What you also saw in South Korea was the hand of a real football man, an organiser who knew how to implant, along with wonderful enthusiasm, a hard tactical coherence and a sure grasp of such fundamentals as clean passing and a constant willingness to get into space to receive the ball.
No one could imagine Hiddink, who won the European Cup for PSV in 1988, countenancing the indulgences granted to David Beckham by Eriksson, who played his captain both in that 2002 World Cup and the 2004 European Championship while he was plainly less than fully fit.
There would be no place for marginal fitness in a Hiddink team, nor the aching problem of the failure of Frank Lampard and Steve Gerrard, two of the game's most powerful midfielders, to work together on a systematic, game-winning basis.
The only baggage Hiddink would bring to the England job is one containing the weight of achievement, of career-long dedication to the art of improving and exploiting the talent of the players in his charge.
Hiddink was fortunate with South Korea in that he was able to assemble the squad for a month before the opening of the World Cup.
He is a man who hoards every second he can get with his players.
It is unthinkable that he would squander all the opportunities Eriksson had to forge an understanding for when the big challenges came in the quarter-finals of the World Cup and European Championship.
Hiddink would not willingly cower before the weight of big club managers while sending their players out for derisory little excursions in the shirt of their nation.
How would 11 South Koreans have fared against 10 Brazilians? We will never know, but we can guess that there would have been no sense of opportunity simply draining away.

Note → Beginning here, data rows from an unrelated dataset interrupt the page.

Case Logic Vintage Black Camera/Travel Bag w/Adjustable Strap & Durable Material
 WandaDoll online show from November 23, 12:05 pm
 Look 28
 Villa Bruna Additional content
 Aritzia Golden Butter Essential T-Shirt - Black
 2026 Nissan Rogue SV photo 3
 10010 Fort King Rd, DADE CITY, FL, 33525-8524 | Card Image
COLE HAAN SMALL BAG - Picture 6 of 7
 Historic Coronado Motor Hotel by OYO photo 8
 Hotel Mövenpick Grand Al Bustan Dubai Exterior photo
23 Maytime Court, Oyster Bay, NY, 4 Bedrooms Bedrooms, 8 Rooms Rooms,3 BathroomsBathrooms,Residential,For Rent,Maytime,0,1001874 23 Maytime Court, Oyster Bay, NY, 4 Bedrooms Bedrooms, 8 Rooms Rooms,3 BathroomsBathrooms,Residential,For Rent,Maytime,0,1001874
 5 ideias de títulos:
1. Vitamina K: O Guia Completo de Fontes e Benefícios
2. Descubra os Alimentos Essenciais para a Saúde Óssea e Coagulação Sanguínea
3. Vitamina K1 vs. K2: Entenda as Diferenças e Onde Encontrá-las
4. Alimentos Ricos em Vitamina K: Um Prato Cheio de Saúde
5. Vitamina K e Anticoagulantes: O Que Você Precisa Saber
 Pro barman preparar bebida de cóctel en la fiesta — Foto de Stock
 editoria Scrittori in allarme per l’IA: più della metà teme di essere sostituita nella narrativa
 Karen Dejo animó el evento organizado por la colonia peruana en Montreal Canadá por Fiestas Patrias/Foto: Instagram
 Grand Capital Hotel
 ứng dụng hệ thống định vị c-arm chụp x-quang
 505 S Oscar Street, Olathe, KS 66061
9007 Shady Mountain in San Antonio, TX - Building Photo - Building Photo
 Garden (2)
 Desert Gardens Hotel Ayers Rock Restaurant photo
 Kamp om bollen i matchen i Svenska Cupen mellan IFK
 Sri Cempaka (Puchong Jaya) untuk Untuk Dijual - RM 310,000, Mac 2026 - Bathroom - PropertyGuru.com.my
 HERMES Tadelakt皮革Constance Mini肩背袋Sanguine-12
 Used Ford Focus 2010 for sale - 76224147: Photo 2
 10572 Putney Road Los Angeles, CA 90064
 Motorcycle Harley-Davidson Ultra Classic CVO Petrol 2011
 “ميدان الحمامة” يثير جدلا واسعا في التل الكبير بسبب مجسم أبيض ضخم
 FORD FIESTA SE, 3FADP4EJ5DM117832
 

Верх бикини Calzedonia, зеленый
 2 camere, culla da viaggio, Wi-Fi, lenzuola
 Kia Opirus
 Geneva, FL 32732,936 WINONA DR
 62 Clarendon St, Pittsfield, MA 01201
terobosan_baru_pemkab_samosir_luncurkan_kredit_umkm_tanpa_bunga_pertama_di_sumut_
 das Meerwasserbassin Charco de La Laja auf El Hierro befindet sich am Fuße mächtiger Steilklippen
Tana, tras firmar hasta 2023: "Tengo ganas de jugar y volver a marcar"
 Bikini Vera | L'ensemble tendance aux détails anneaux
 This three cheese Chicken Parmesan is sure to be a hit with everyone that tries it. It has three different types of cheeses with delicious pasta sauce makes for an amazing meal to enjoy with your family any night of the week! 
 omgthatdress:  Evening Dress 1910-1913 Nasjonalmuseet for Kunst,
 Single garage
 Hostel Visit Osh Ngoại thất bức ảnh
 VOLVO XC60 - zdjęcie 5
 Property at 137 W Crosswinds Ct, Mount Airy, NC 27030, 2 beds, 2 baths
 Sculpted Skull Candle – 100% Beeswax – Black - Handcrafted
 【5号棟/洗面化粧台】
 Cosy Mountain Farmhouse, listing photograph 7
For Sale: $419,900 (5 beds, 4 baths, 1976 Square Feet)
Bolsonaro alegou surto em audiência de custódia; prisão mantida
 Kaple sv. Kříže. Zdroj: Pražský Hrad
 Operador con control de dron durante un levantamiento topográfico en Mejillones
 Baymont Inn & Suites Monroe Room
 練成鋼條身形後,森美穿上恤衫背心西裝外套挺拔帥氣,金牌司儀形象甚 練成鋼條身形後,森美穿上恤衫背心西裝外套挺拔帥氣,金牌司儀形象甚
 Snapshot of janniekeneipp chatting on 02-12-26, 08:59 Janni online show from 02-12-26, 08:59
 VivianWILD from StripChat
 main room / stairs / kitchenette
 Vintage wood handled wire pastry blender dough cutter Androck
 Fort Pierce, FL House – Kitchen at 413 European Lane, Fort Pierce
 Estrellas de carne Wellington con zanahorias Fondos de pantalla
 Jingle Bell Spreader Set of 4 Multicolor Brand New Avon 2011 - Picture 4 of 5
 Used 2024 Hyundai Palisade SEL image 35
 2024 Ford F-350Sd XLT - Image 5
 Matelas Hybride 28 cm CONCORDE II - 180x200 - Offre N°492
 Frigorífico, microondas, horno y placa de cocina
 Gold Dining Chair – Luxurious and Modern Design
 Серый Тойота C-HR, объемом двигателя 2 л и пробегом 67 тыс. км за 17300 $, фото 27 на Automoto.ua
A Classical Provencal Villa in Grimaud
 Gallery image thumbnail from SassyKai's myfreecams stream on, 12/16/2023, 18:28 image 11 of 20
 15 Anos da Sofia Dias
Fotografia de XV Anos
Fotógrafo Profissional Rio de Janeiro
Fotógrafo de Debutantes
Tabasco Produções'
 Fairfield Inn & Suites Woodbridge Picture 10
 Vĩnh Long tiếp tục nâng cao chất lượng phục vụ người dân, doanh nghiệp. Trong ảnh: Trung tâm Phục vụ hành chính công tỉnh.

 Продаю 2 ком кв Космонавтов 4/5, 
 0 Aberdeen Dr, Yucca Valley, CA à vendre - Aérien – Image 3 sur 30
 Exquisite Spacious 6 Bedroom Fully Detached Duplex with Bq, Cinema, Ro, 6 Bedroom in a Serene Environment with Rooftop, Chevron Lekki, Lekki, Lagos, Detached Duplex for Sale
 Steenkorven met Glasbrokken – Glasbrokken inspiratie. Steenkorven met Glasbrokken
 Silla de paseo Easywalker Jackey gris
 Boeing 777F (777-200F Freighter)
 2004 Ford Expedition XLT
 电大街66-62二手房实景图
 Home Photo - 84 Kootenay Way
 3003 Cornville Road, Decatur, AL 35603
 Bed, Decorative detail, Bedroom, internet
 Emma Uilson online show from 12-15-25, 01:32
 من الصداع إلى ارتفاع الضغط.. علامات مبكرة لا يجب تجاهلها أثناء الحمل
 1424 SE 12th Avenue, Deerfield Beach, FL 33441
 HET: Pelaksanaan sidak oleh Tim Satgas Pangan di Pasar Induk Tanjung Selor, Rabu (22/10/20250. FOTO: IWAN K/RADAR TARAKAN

Of course, Hiddink isn't the only contender, but he is the one of compelling merit who outstrips other possible runners in the depth of his appeal and breadth of his candidacy.
Who do we put up against him? Big Sam? His challenge is that of a media-friendly star of narrow achievement.
It comes from a different and lesser league.
Steve McClaren?
Do his accomplishments begin to match up to his ambition, and how easily can he be detached from the weaknesses of Eriksson's regime?
Alan Curbishley?
A good football man, and no doubt a darling of the Little England brigade, but does his portfolio run beyond a brilliant survival touch in the wealthy but technical limitations of what passes for most of the Premiership?
Stuart Pearce?
At some point, a certain contender, but, as he says himself, he still has some formative work to do as a manager.
Martin O'Neill?
A formidable motivator, a passionate football man, but again someone still lacking the range of the Dutchman.
Hiddink has rich experience of every level of football, club and international.
He has done the work, racked up the achievement and that has to be the starting point of the FA's quest.
Hiddink has workable English, but that isn't really the point.
More importantly, he has proved he knows every nuance of the language of football.
The English game, at this perilous time, can no longer deny itself such discourse.